Chronique Le Jeudi: L’Europe prise en otage
May 24, 2011 by Charles Goerens
L’Europe prise en otage
L’issue de ce que Jacques Delors qualifiait volontiers de la «dernière grande aventure collective» en parlant de l’intégration européenne paraît aujourd’hui plus que jamais incertaine. En clair, le moteur de l’intégration européenne est sensiblement endommagé. Il est assez curieux de constater que cette évolution, apparemment, ne choque plus personne. La lecture de la presse internationale, ces derniers temps, montre à quel point le doute s’est déjà installé.
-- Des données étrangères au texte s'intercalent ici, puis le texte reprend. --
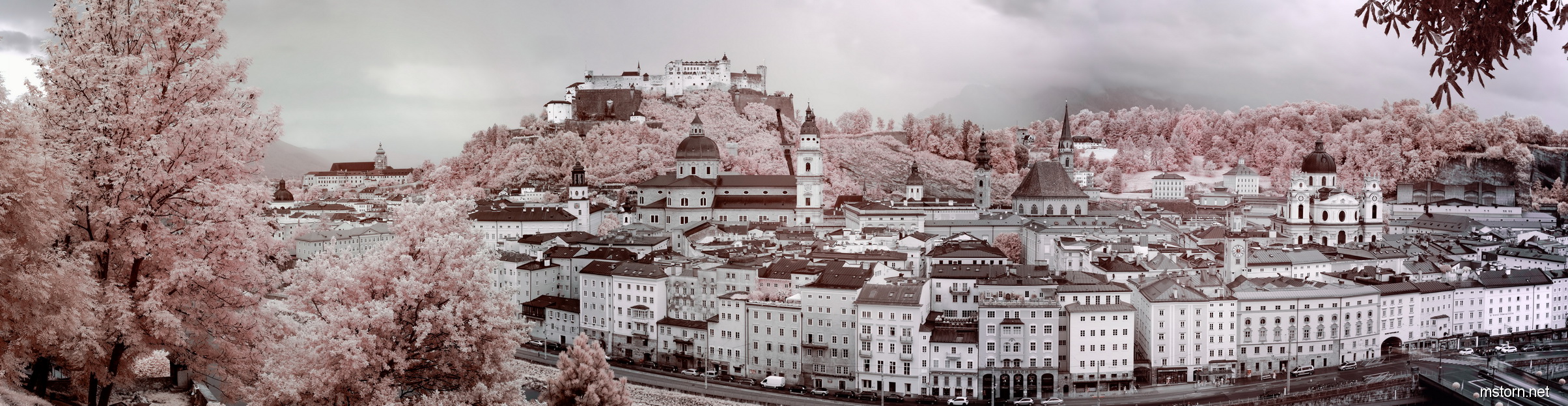 2014-08-31 Salzburg IR pano_smx.jpg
La cacophonie autour de la crise budgétaire grecque fait le gras non seulement des journaux anglo-saxons – on s’y était habitué – mais aussi, et ce de plus en plus, de l’ensemble des publications.
Ce qui est nouveau dans l’euroscepticisme de nos jours, c’est son ampleur d’abord. Plus personne pour ainsi dire n’ose encore prendre la défense d’une Union européenne que d’aucuns considèrent être devenue entre-temps une partie du problème. Ainsi l´arrivée de quarante mille réfugiés d’origine nord-africaine sert-elle de prétexte à plusieurs États membres de l’Union européenne souhaitant remettre sur le métier les accords de Schengen. C’est l’Italie qui a ouvert la boîte de Pandore en voulant se débarrasser au plus vite des migrants venus pour la plupart de Tunisie. La réaction de la France ne s’est pas fait attendre et les deux pays se sont finalement prononcés en faveur d’une modification des accords de Schengen sur certains points.
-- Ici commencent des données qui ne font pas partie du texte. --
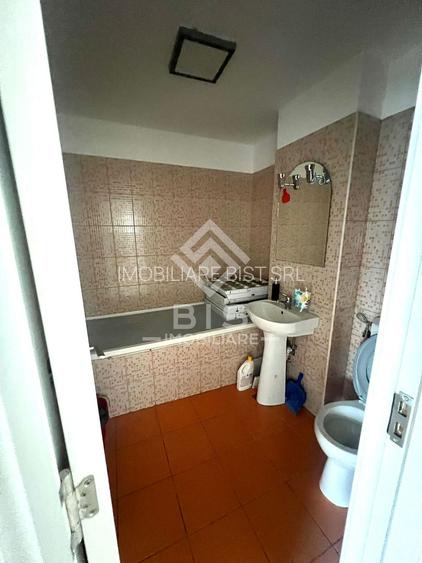 Spatiu de inchiriat  -  Andrei Muresanu - 4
Si le nombre d’immigrés principalement d’origine tunisienne en Italie peut paraître élevé, il importe toutefois de le mettre en relation avec l’arrivée de demandeurs d’asile d’origine balkanique dans notre pays en 1999. L’accueil, pendant la guerre du Kosovo, de près de quatre mille citoyens des Balkans occidentaux par le Luxembourg – dont la population est voisine d’un demi-million de personnes – n’était certes pas une mince affaire. Notre gouvernement, à l’époque, n’envisageait pas pour autant une entrave à la libre circulation des personnes, qui reste d’ailleurs l’un des acquis les plus tangibles de la coopération européenne.
Toutes proportions gardées et dans un effort comparable, l’Italie, dont la population est 120 fois supérieure à la nôtre, devrait donc être en mesure d’accueillir aujourd’hui 480.000 immigrants. Rien que de ce point de vue, la réaction italienne est, à ce stade, franchement démesurée.
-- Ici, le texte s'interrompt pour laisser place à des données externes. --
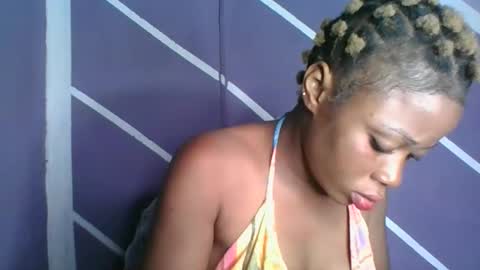baby girl online show from October 21, 2025, 3:40 am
Là où des propos plus modérés seraient de mise, les responsables politiques italiens soufflent sur la braise. Certes, tout État membre est en droit d’en appeler à la solidarité de ses partenaires. Il n’est d’ailleurs pas question de laisser l’Italie seule face à un afflux vraiment massif de ressortissants nord-africains. Avec son agitation excessive et prématurée cependant, l’Italie s’attaque aux fondements même de l’acquis de Schengen. Mais à y regarder de plus près, l’on se demande tout de même si au-delà du problème de l’immigration – illégale ou non – la posture actuelle de Silvio Berlusconi ne s’expliquerait pas par les difficultés qu’il rencontre sur le plan politique intérieur de la péninsule. Dans l’exploitation abusive des craintes, pour la plupart injustifiées d’ailleurs, le président du Conseil italien n’hésite pas à faire un clin d’œil à ceux qui sont tentés par des positions plus dures en matière de contrôle de l’immigration. Cela paraît d’autant plus plausible que le gouvernement du Danemark, soucieux à son tour de calmer les vagues de contestation d’une droite populiste, enfreint carrément le fonctionnement de Schengen par le rétablissement du contrôle des personnes à ses frontières avec l’Allemagne et la Suède.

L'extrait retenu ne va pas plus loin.